## BLIP-2 Feature Extraction for MMT (Per-frame CLS Token, 1408D)

In [1]:
import os
import glob
import torch
import numpy as np
from PIL import Image
from tqdm import tqdm
from transformers import Blip2Processor, Blip2Model

2025-05-23 19:33:14.323836: E external/local_xla/xla/stream_executor/cuda/cuda_fft.cc:477] Unable to register cuFFT factory: Attempting to register factory for plugin cuFFT when one has already been registered
E0000 00:00:1748028794.582883      19 cuda_dnn.cc:8310] Unable to register cuDNN factory: Attempting to register factory for plugin cuDNN when one has already been registered
E0000 00:00:1748028794.658899      19 cuda_blas.cc:1418] Unable to register cuBLAS factory: Attempting to register factory for plugin cuBLAS when one has already been registered


### Configuration

In [2]:
FRAME_DIR = "/kaggle/input/sota-mrsvtt-test-frame/msrvtt_test_frames_1fps"
OUTPUT_DIR = "/kaggle/working/blip2_features_seq_test"  # Renamed for clarity
MODEL_DIR = "/kaggle/input/image-caption-models/blip2-opt-2.7b"

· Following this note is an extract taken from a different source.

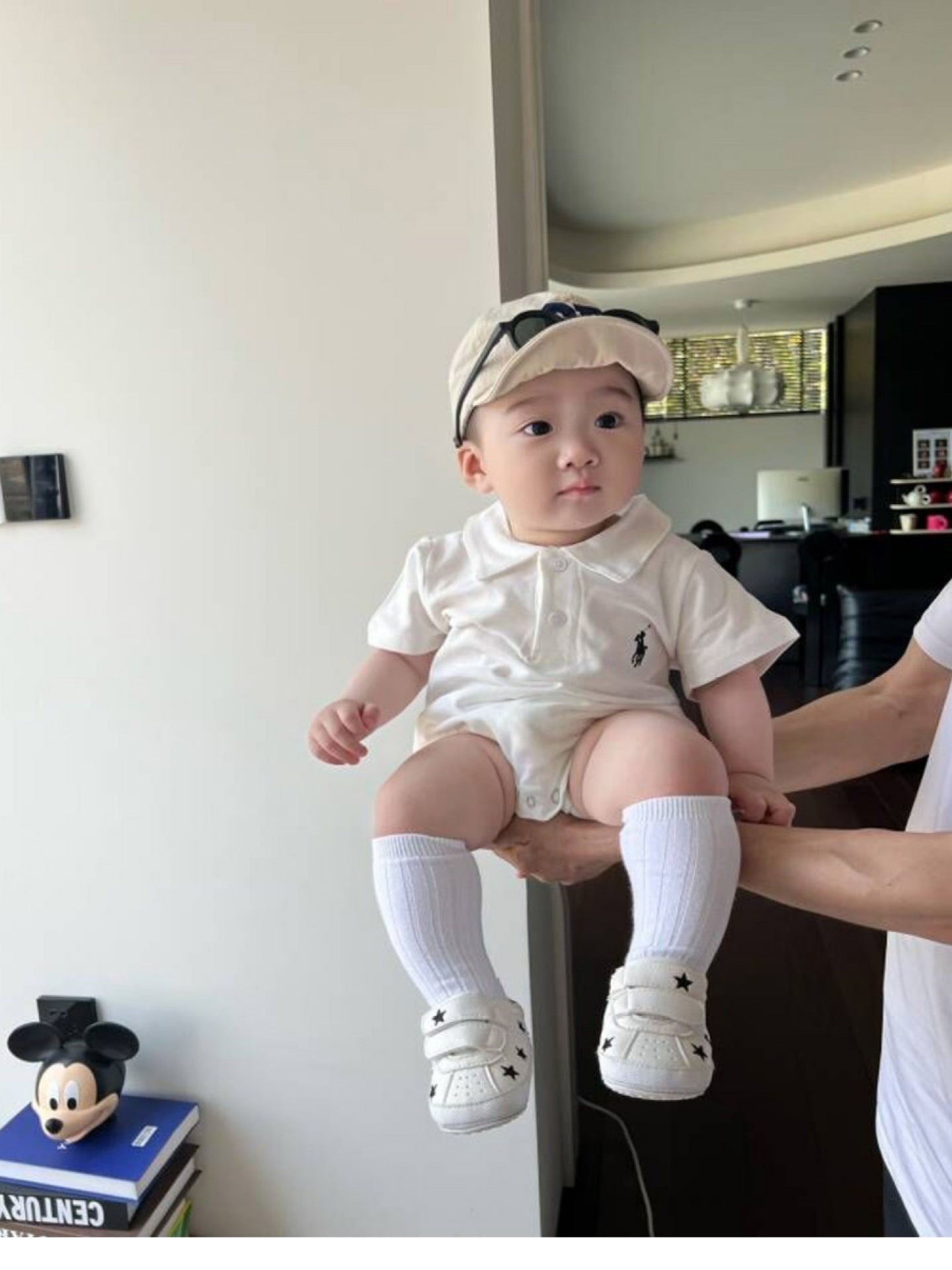 One Month Old Clothes Summer Jumpsuit For Jumpsuit, Climbing Suit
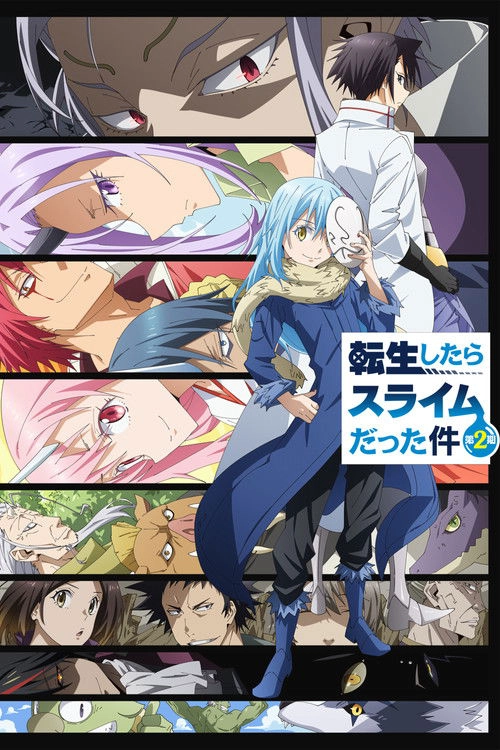 That Time I Got Reincarnated as a Slime Musim ke 2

os.makedirs(OUTPUT_DIR, exist_ok=True)

### Load BLIP-2 Model (ViT-G/14, 1408D CLS)

In [3]:
processor = Blip2Processor.from_pretrained(MODEL_DIR)
model = Blip2Model.from_pretrained(
    MODEL_DIR,
    torch_dtype=torch.float16,
    device_map="auto"
)
model.eval()

Using a slow image processor as `use_fast` is unset and a slow processor was saved with this model. `use_fast=True` will be the default behavior in v4.52, even if the model was saved with a slow processor. This will result in minor differences in outputs. You'll still be able to use a slow processor with `use_fast=False`.

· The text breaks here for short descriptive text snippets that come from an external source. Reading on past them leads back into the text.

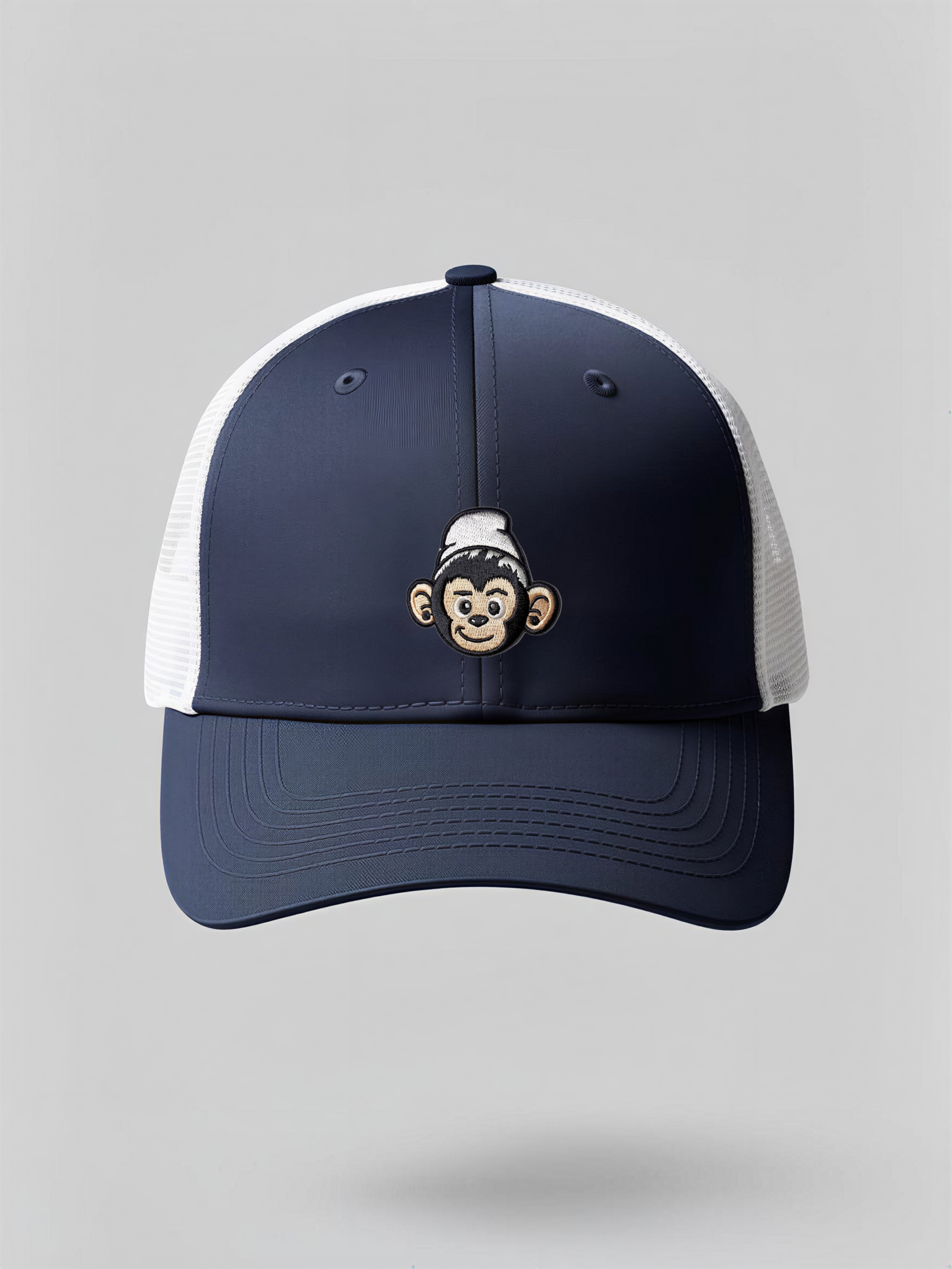 Casquette Monkey Vibes - Iconic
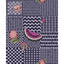 Cole & Son FRUTTA E GEOMETRICO INK Wallpaper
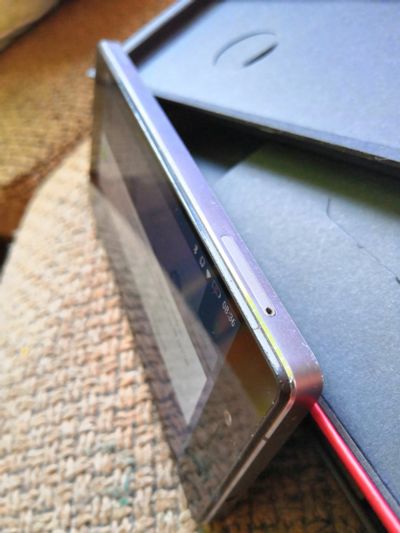 Лот: 12087330. Фото: 1. Смартфон lenovo vibe shot. Смартфоны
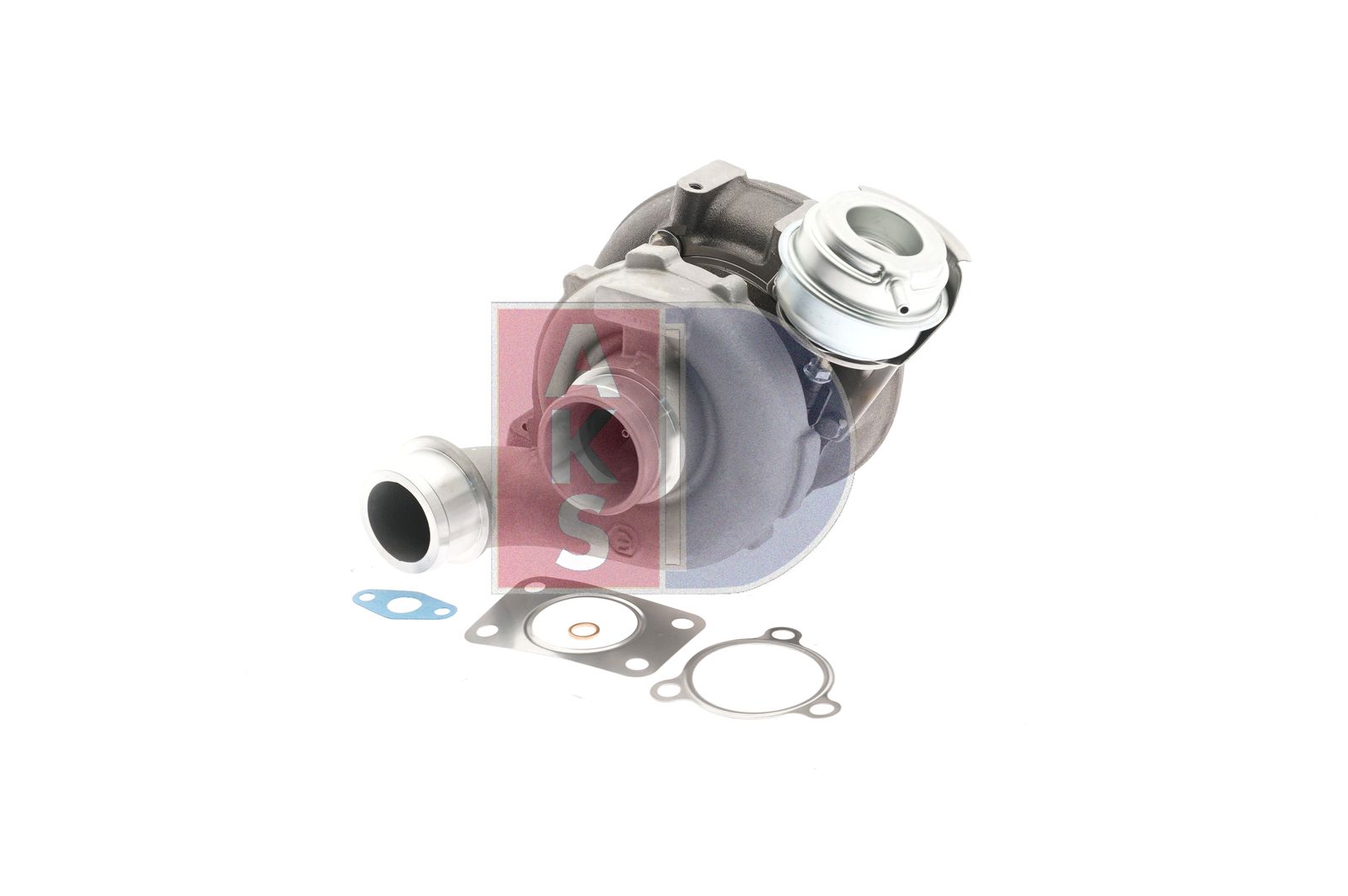 AKS DASIS 045132N - Lader, Aufladung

Loading checkpoint shards:   0%|          | 0/2 [00:00<?, ?it/s]

Blip2Model(
  (vision_model): Blip2VisionModel(
    (embeddings): Blip2VisionEmbeddings(
      (patch_embedding): Conv2d(3, 1408, kernel_size=(14, 14), stride=(14, 14))
    )
    (encoder): Blip2Encoder(
      (layers): ModuleList(
        (0-38): 39 x Blip2EncoderLayer(
          (self_attn): Blip2Attention(
            (dropout): Dropout(p=0.0, inplace=False)
            (qkv): Linear(in_features=1408, out_features=4224, bias=True)
            (projection): Linear(in_features=1408, out_features=1408, bias=True)
          )
          (layer_norm1): LayerNorm((1408,), eps=1e-05, elementwise_affine=True)
          (mlp): Blip2MLP(
            (activation_fn): GELUActivation()
            (fc1): Linear(in_features=1408, out_features=6144, bias=True)
            (fc2): Linear(in_features=6144, out_features=1408, bias=True)
          )
          (layer_norm2): LayerNorm((1408,), eps=1e-05, elementwise_affine=True)
        )
      )
    )
    (post_layernorm): LayerNorm((1408,), eps=1e-05, 

### Extract and Save Per-Frame CLS Features

In [4]:
video_ids = sorted(os.listdir(FRAME_DIR))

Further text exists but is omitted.